XHAP-FM
- Ciudad Obregón, Sonora; Mexico;
- Frequency: 96.9 FM
- Branding: La Número Uno

Programming
- Format: Grupera

Ownership
- Owner: Grupo Radiorama; (XEAP, S.A. de C.V.);
- Operator: Bura Grupo Multimedia
- Sister stations: XHESO-FM, XHOBS-FM

History
- First air date: March 8, 1936 (concession)

Technical information
- Licensing authority: CRT
- Class: B1
- ERP: 25 kW
- HAAT: 56.5 m (185 ft)
- Transmitter coordinates: 27°30′04″N 109°38′57″W﻿ / ﻿27.50111°N 109.64917°W

Links
- Webcast: Listen live
- Website: radioramasonora.com

= XHAP-FM =

Radio station in Ciudad Obregón, Sonora, Mexico

XHAP-FM is a radio station on 96.9 FM in Ciudad Obregón, Sonora, Mexico.

== History ==
XEAP-AM received its concession on March 8, 1936, broadcasting with 100 watts on 1290 kHz and owned by Emilio Manzanilla. After his death, his successors continued to own the station, now at 1,000 watts, until 1982. It was then operated by Radiorama, and later by Grupo García de León. Ultimately, Radiorama took control of the station again, and it was under Radiorama in 2012 that XHAP-FM 96.9 came to air.

Radiorama largely exited Sonora in the early 2010s, leaving most of its stations there to Larsa to operate.
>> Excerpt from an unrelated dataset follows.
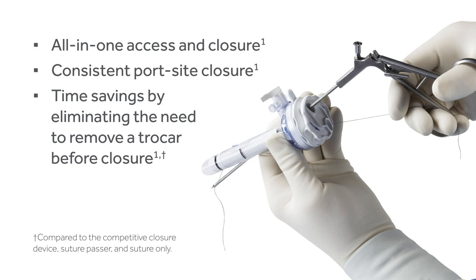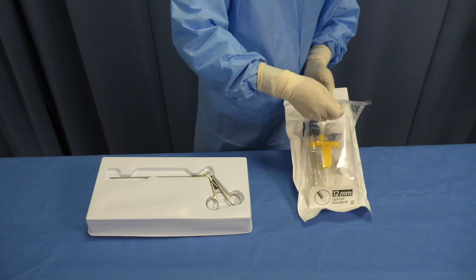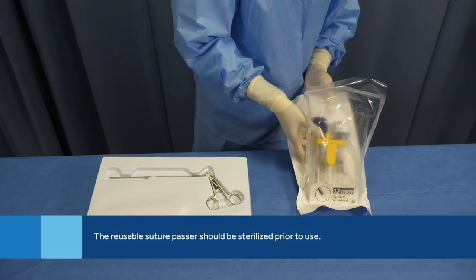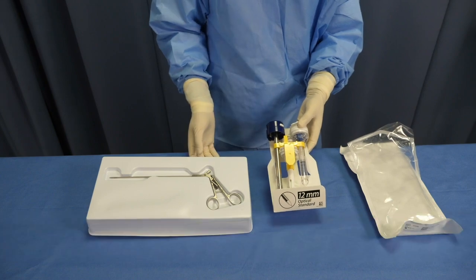This video will demonstrate how to use the VersaOne Fascial Closure System. First, let's take a look at the packaging. The VersaOne Fascial Closure System comes in a soft pouch. The obturator, cannula, and suture passer come in one package, and the reusable suture passer comes separately.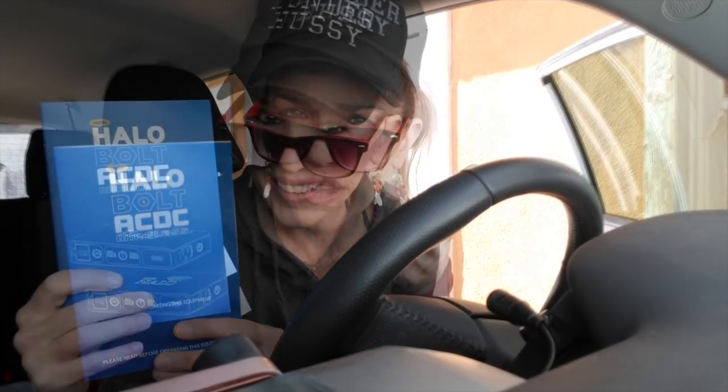I'm glad to say I can recommend this Halo Bolt — that's the name of the product, Halo Bolt. One of my fans sent it to me from, I think it was on HSN, the Home Shopping Network, or QVC, one of those two. This gets my Wonder Hussey seal of approval. Five thumbs up!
On June 4, 2019, ISA Corporativo, an outdoor advertising company, entered broadcasting by assuming operations of XHAP and XHOBS-FM 92.1. While XHAP's format was retained, ISA instituted a new news service powered by the Diario del Yaqui and Diario del Mayo newspapers.

ISA ceased radio operations throughout the state of Sonora on December 31, 2021. A new format under direct Radiorama management, the Studio English classic hits brand, was debuted in February 2022. It was used for four months before Con Madre, a grupera format, moved from XHOBS in June upon an operator change, 3 days later they undo the changes and return to Studio.

On September 1, 2025, XHAP 96.9 and XHSN-FM in Nogales leased to Bura Multimedia management based in Hermosillo, resulting the Studio format moved to XHESO-FM 104.9.